After a restart it seems to be running cool, perhaps it had something to do with the uptime of 5 days, i also cleaned the fan out with some cotton buds, too afraid to take it apart...
Next time open "activity monitor" and click CPU. See what process is using a lot of CPU.
Depending on the version of MacOS you can also click the battery in the menu bar to see Apps Using Significant Energy. That process and app will point you in the right direction.
Again depending on the version of OSX there are times background task will being doing a lot of work. Time Machine preparing a backup, or spotlight indexing for example. But there are other things that can be syncing or databasing information. All that stuff can add to the CPU's load.
If a youtube video is playing right click the player and click "Stats for nerds".
Chrome will likely be using WebM video potentially encoded with VP9.

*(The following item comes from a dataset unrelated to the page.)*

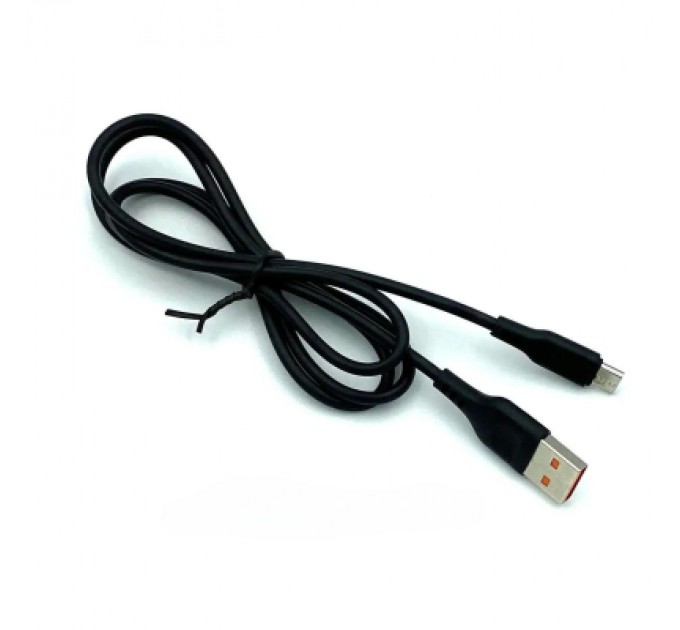 Denmen Дата кабель USB 2.0 AM to Micro 5P 1.0m 2.4A silicone black Denmen (DM-D01V-BK)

Without getting technical this is 2019 media trying to play on 2010 equipment. BluRay disc in a DVD player /end terrible analogy.
Depending on the specific video (video resolution, display resolution, color profile, on/off screen, etc etc) will determine how easy or hard its going to be for the CPU and thus how warm the CPU will get. I can get my 2018 MBP to peg out 100c playing 4k HDR videos on an external 4k HDR display.
I believe your CPU (at least if its a "Core I" model) can support h264 video decoding (to an extent ie profile). All you would need to do to test it would be close Chrome completely, open Safari and try to watch the same video in youtube.
Since Safari doesn't support WebM (VP8/VP9) Youtube will feed a AVC1 (h264) which is a video codec your hardware and software is better suited for. Your screen can't highlight the differences anyway.
(note this isn't the same video as above just showing what to look for)
I would also suggest taking the back off your MacBook and just looking to see if there is duct built up. Its just removing a cover, if you aren't comfortable to do anything else at least you will know whether you should take it somewhere (professional or a techie friend/coworker) to get cleaned out.